Could you repeat exactly the lines from the one containing "this 468×264 image." through the last line of the records, with no pictures?

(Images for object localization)
----

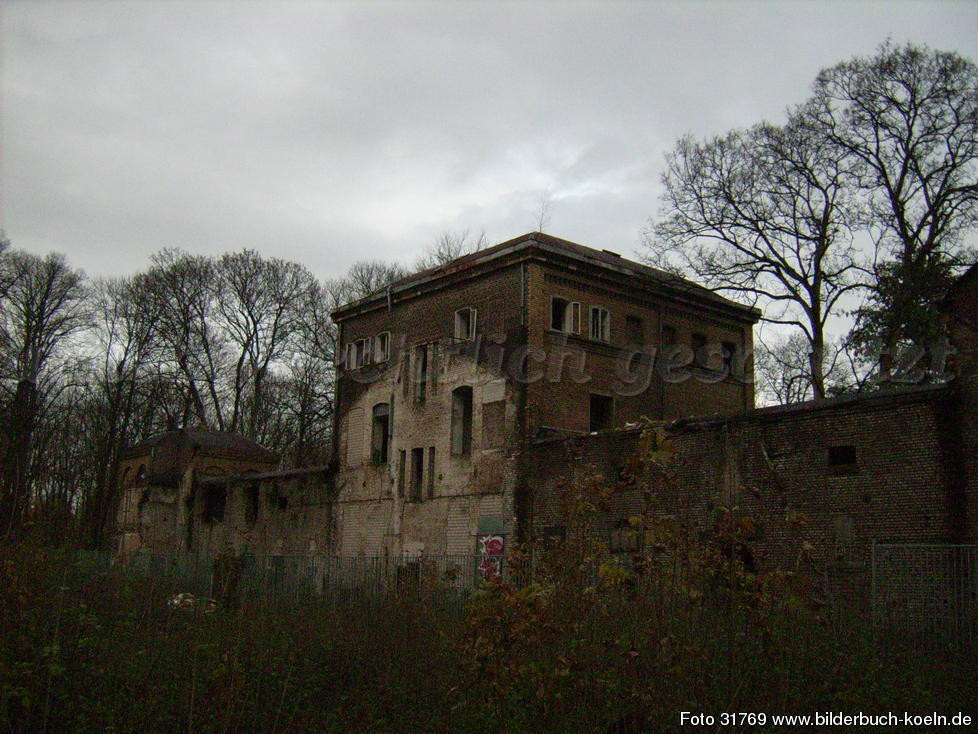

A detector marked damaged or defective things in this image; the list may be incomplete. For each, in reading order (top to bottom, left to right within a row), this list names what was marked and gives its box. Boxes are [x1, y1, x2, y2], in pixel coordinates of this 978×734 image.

broken window [454, 310, 476, 344]
broken window [548, 298, 580, 334]
broken window [588, 310, 608, 346]
broken window [628, 314, 644, 346]
broken window [412, 346, 428, 402]
broken window [370, 402, 388, 466]
broken window [450, 386, 472, 454]
broken window [588, 394, 608, 434]
broken window [408, 446, 424, 504]
broken window [828, 448, 856, 478]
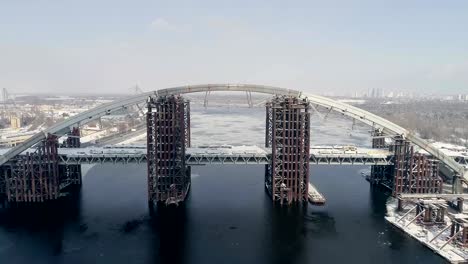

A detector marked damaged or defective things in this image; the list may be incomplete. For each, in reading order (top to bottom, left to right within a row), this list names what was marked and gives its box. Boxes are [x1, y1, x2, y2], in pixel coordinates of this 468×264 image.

rusty bridge pillar [4, 133, 59, 203]
rusty bridge pillar [146, 94, 190, 206]
rusty bridge pillar [266, 96, 308, 205]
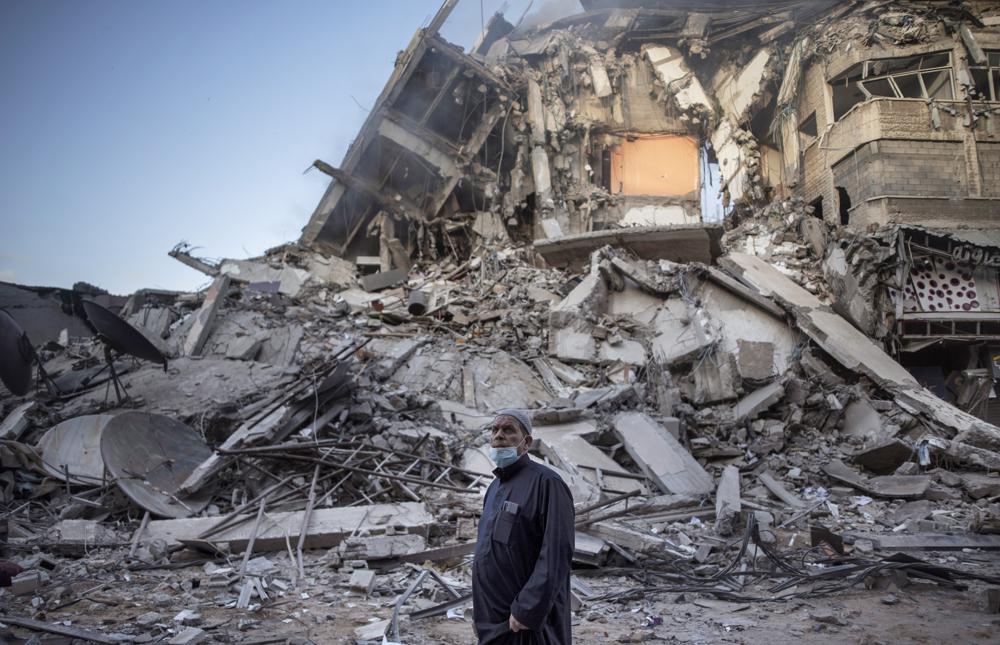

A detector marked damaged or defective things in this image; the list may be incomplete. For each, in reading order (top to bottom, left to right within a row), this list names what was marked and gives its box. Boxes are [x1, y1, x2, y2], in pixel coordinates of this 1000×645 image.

----

== Your response ==
A detector marked damaged or defective things in this image; the list may be incomplete. For each, in reading order (top to bottom, left to right within a row), this list names what was marked and gives its box. Boxes are [x1, y1, x2, y2], in pixel coordinates of this 468×264 image.

rusty bridge pillar [4, 133, 59, 203]
rusty bridge pillar [146, 94, 190, 206]
rusty bridge pillar [266, 96, 308, 205]

A detector marked damaged or defective things in this image; the list may be incomplete. For each, in reading order (top to bottom, left to right within a row), this list names what was marked and gives its box. Boxes are [x1, y1, x2, y2], in pixel coordinates of this 1000×645 image.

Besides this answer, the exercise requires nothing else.